Here's one from yesterdays game.  Comments and Critiques please!


----------



## imagemaker46 (Sep 25, 2011)

The action is there but I would crop it into a horizontal and take out all the foreground to the first players feet,and a crop just overtop of the ball.


----------



## D-B-J (Sep 25, 2011)

I left the foreground so there was something leading up to the players.


----------



## imagemaker46 (Sep 25, 2011)

It's not necessary to have anything leading up to the players, it is just empty space that takes away from the action, try cropping it the way I suggested and you will see what I mean.


----------



## D-B-J (Sep 25, 2011)

Anyone else?


----------



## D-B-J (Sep 26, 2011)

ttt


----------



## imagemaker46 (Sep 26, 2011)

Anyone else? Is that like, anyone else have a better crop/idea/comment?

What is  "ttt"


----------



## D-B-J (Sep 26, 2011)

imagemaker46 said:


> Anyone else? Is that like, anyone else have a better crop/idea/comment?
> 
> What is  "ttt"



As in one opinion is not a very good consensus.  So more appropriately, does anyone ELSE have a DIFFERENT crop/idea/comment.

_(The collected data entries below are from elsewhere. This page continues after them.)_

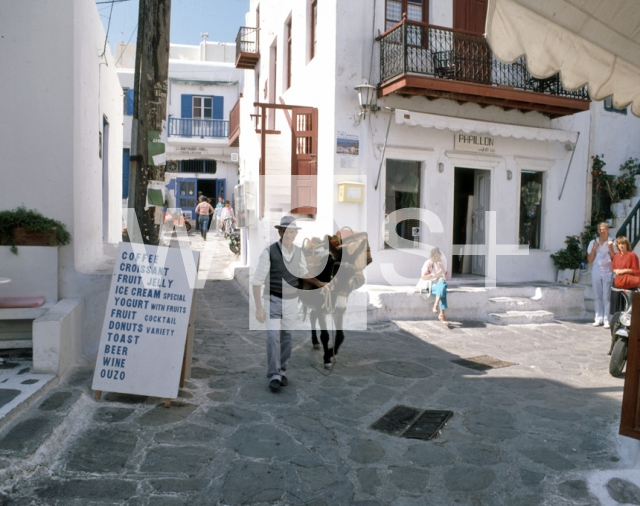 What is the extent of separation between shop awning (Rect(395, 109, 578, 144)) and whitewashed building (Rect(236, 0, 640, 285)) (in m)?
0.03

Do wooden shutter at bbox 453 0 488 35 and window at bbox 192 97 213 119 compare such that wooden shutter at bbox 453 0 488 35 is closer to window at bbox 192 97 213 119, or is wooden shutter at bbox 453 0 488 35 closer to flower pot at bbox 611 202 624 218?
flower pot at bbox 611 202 624 218

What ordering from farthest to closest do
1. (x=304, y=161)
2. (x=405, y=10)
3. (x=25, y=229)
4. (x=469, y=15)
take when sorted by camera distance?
(x=304, y=161)
(x=469, y=15)
(x=405, y=10)
(x=25, y=229)

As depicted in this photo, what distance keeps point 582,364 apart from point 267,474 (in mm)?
5300

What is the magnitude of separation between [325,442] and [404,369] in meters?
2.55

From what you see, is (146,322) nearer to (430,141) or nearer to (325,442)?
(325,442)

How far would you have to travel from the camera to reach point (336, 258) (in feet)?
23.7

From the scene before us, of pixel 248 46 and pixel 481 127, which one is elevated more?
pixel 248 46

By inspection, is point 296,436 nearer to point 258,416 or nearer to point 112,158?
point 258,416

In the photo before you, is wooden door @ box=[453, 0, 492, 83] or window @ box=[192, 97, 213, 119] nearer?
wooden door @ box=[453, 0, 492, 83]

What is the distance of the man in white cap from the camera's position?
585 cm

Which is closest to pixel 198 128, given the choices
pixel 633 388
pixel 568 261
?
pixel 568 261

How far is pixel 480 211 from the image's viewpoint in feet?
41.2

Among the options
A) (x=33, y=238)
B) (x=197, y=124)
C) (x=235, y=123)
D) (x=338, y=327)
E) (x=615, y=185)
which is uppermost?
(x=197, y=124)

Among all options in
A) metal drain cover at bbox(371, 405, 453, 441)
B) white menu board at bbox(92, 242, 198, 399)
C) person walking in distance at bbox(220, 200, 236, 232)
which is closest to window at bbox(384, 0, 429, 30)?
white menu board at bbox(92, 242, 198, 399) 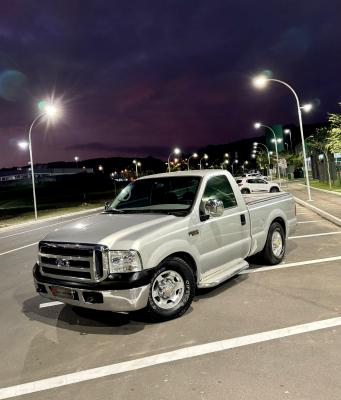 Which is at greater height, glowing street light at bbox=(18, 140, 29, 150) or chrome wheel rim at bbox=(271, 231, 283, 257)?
glowing street light at bbox=(18, 140, 29, 150)

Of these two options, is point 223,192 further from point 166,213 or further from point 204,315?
point 204,315

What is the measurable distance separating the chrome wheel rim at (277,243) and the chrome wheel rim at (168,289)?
3026 millimetres

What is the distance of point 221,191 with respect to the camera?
22.4ft

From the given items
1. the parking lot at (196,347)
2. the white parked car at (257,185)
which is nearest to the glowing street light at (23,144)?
the white parked car at (257,185)

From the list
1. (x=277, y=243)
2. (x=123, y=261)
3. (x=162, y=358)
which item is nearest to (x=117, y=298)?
(x=123, y=261)

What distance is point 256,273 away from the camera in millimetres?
7539

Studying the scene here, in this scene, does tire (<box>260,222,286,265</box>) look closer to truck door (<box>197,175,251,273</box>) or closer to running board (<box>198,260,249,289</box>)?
truck door (<box>197,175,251,273</box>)

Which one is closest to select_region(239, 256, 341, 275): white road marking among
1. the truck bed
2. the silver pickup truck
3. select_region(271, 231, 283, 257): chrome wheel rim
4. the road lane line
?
select_region(271, 231, 283, 257): chrome wheel rim

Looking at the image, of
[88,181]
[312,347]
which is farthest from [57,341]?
[88,181]

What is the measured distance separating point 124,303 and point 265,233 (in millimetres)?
3623


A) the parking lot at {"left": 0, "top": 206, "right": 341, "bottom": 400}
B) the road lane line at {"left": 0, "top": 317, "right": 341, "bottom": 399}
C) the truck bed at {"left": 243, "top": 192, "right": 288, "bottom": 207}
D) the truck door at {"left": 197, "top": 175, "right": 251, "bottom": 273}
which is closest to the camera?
the parking lot at {"left": 0, "top": 206, "right": 341, "bottom": 400}

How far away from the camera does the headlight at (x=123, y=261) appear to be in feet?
16.4

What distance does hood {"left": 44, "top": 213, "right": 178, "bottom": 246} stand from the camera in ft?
17.1

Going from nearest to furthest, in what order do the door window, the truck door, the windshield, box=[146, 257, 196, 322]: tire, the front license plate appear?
the front license plate, box=[146, 257, 196, 322]: tire, the truck door, the windshield, the door window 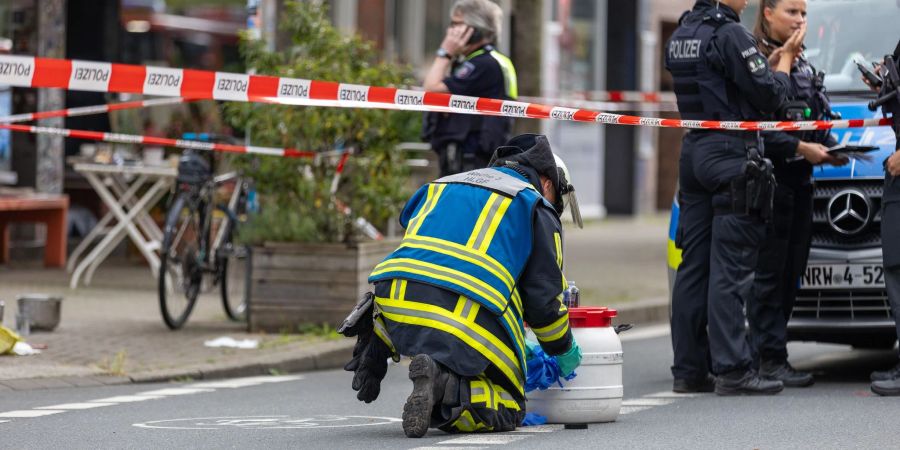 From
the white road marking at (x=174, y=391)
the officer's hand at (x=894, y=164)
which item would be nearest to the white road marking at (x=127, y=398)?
the white road marking at (x=174, y=391)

And ttt is take to top....

So i'd appreciate if you weren't so rude. Thank you.


----------



## imagemaker46 (Sep 26, 2011)

I'm sorry I wasn't trying to rude, what I was giving you was a crop suggestion from someone who has been a professional sports photographer for over 35 years.  If anyone else had a better suggestion on how to crop your photo to make it look better, I would also love to hear it.  You asked for a critique and I gave you an honest one, if you're not willing to listen to a professional, just keep shooting loose, keep the big empty space in the foreground that serves no purpose, it does not lead to the players, it takes away from the players.


----------



## D-B-J (Sep 26, 2011)

imagemaker46 said:


> I'm sorry I wasn't trying to rude, what I was giving you was a crop suggestion from someone who has been a professional sports photographer for over 35 years.  If anyone else had a better suggestion on how to crop your photo to make it look better, I would also love to hear it.  You asked for a critique and I gave you an honest one, if you're not willing to listen to a professional, just keep shooting loose, keep the big empty space in the foreground that serves no purpose, it does not lead to the players, it takes away from the players.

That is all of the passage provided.